Short web captions:
Content starts

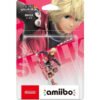 SHULK AMIIBO SUPER SMASH SERIES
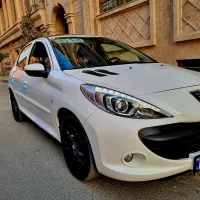 ۲۰۷ پانوراما مدل ۱۴۰۲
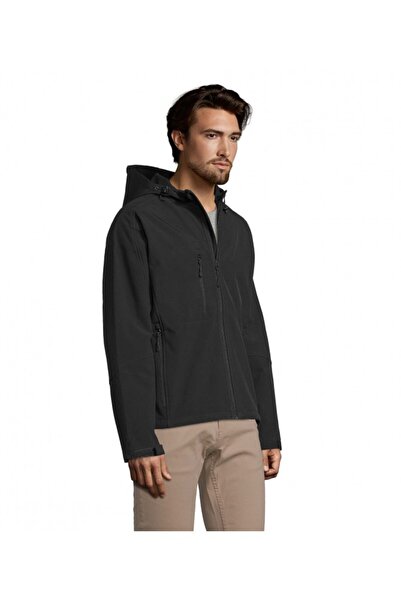 sols Men's softshell jacket, Sol's Replay - SO46602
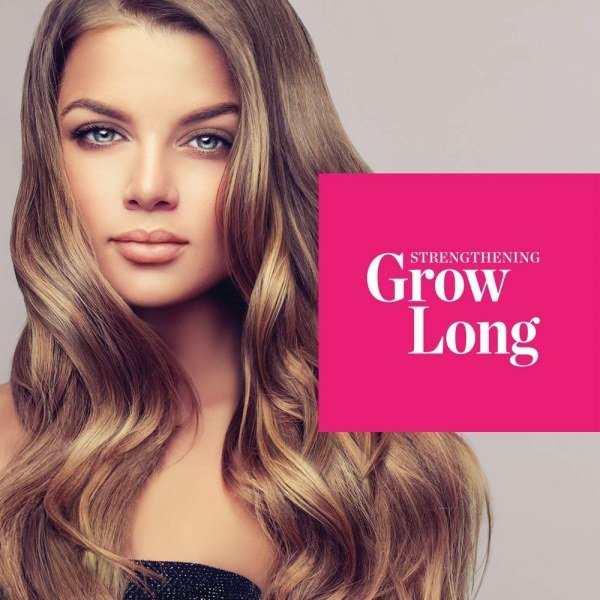 Marc  Grow Long - Image 2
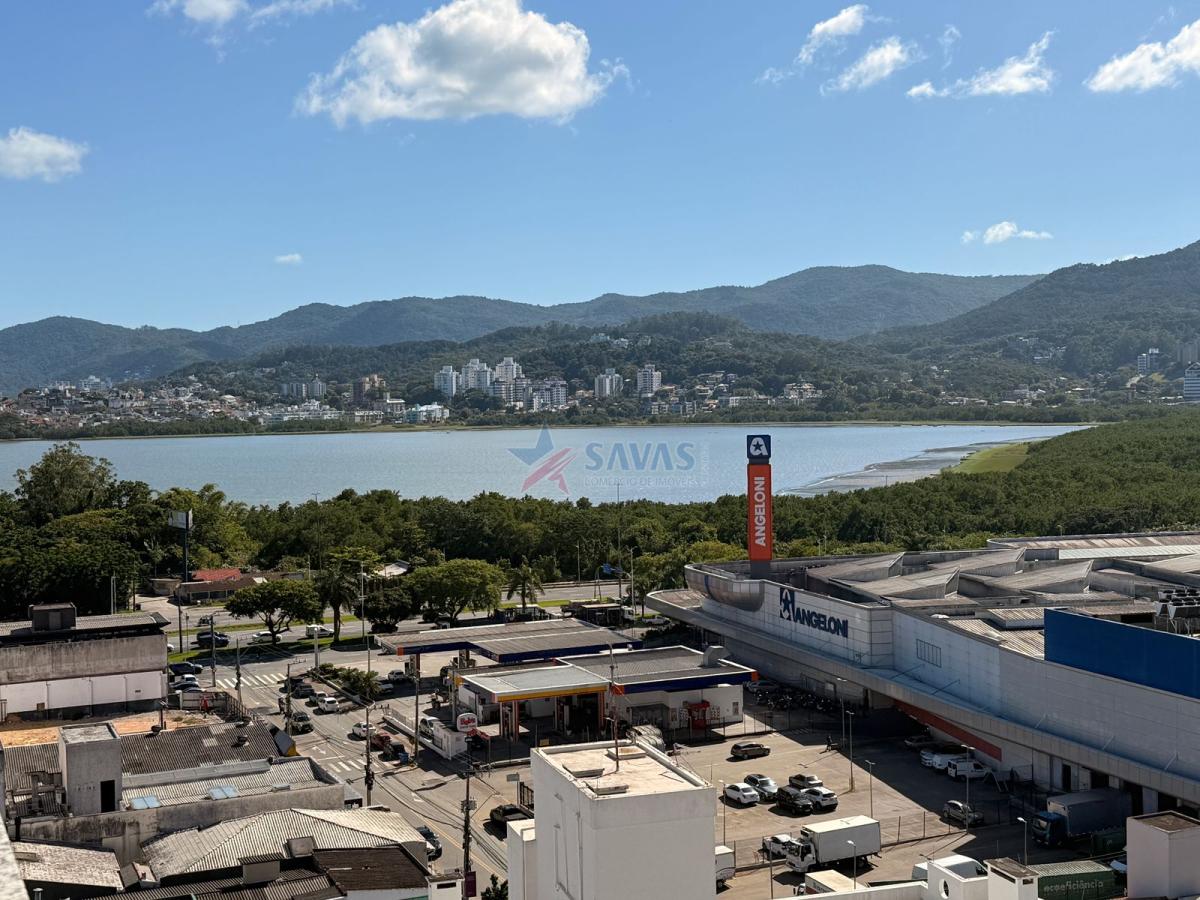 COBERTURA PLANA 03 DORMITÓRIOS - 2 VAGAS - OKM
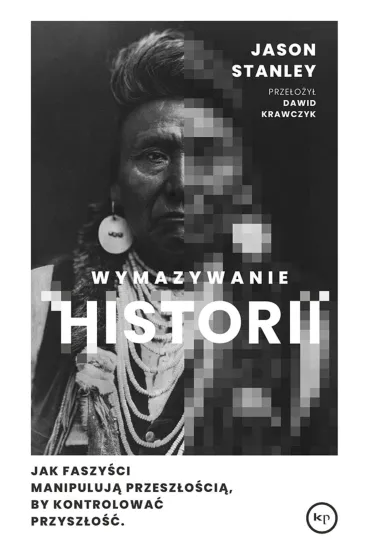 Wymazywanie historii - Jason Stanley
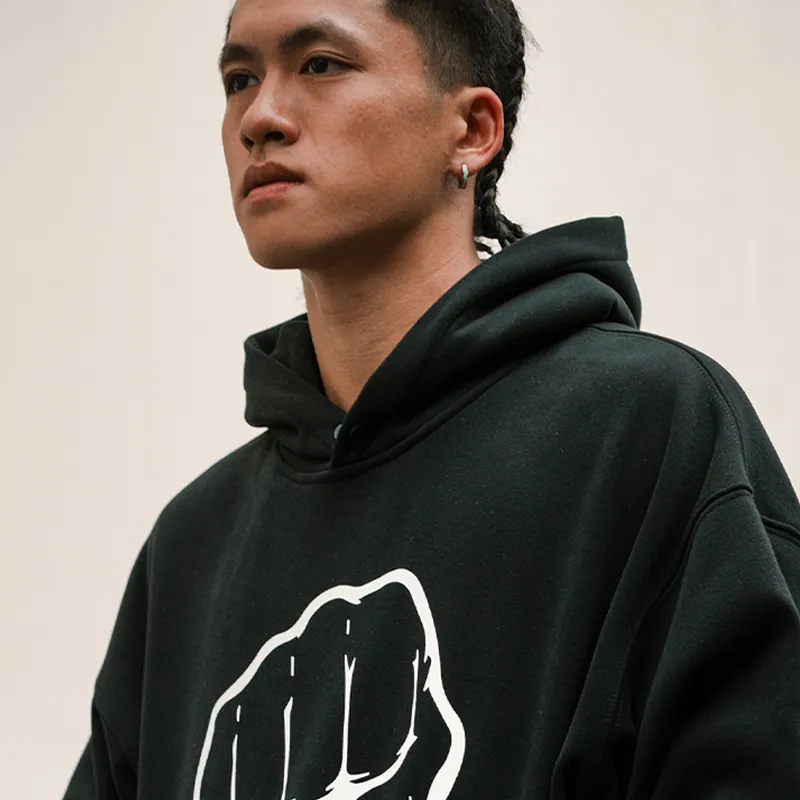 NICEID Sweatshirts Unisex-3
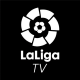 LaLiga TV logo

Content ends

- _About this task_
Output every entry verbatim but skip the pictures.

- _Written answer_
 SHULK AMIIBO SUPER SMASH SERIES
 ۲۰۷ پانوراما مدل ۱۴۰۲
 sols Men's softshell jacket, Sol's Replay - SO46602
 Marc  Grow Long - Image 2
 COBERTURA PLANA 03 DORMITÓRIOS - 2 VAGAS - OKM
 Wymazywanie historii - Jason Stanley
 NICEID Sweatshirts Unisex-3
 LaLiga TV logo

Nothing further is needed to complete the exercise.